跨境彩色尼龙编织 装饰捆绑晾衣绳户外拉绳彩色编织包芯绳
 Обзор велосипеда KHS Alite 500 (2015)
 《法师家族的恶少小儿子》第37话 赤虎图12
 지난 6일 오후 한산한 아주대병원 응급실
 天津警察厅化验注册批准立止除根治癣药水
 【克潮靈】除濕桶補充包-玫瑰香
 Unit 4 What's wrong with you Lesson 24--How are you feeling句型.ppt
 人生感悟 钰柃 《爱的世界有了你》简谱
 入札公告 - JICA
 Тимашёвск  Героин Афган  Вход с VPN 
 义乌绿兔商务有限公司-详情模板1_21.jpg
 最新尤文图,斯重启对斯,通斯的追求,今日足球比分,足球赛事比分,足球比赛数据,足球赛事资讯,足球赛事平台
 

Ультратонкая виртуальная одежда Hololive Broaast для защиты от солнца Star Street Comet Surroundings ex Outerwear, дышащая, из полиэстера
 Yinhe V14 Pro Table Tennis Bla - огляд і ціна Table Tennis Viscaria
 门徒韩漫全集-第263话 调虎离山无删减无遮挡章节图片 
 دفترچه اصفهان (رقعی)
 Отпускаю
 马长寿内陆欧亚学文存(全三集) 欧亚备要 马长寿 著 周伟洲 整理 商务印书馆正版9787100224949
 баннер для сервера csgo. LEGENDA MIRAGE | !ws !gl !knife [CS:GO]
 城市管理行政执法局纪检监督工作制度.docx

DESCRIPTION OF THE TASK: Copy the lines of the data above exactly as written, beginning with the line containing "义乌绿兔商务有限公司-详情模板1_21.jpg" and ending with the line containing "баннер для сервера", and leave out all other lines.

ANSWER SPACE:
 义乌绿兔商务有限公司-详情模板1_21.jpg
 最新尤文图,斯重启对斯,通斯的追求,今日足球比分,足球赛事比分,足球比赛数据,足球赛事资讯,足球赛事平台
 

Ультратонкая виртуальная одежда Hololive Broaast для защиты от солнца Star Street Comet Surroundings ex Outerwear, дышащая, из полиэстера
 Yinhe V14 Pro Table Tennis Bla - огляд і ціна Table Tennis Viscaria
 门徒韩漫全集-第263话 调虎离山无删减无遮挡章节图片 
 دفترچه اصفهان (رقعی)
 Отпускаю
 马长寿内陆欧亚学文存(全三集) 欧亚备要 马长寿 著 周伟洲 整理 商务印书馆正版9787100224949
 баннер для сервера csgo. LEGENDA MIRAGE | !ws !gl !knife [CS:GO]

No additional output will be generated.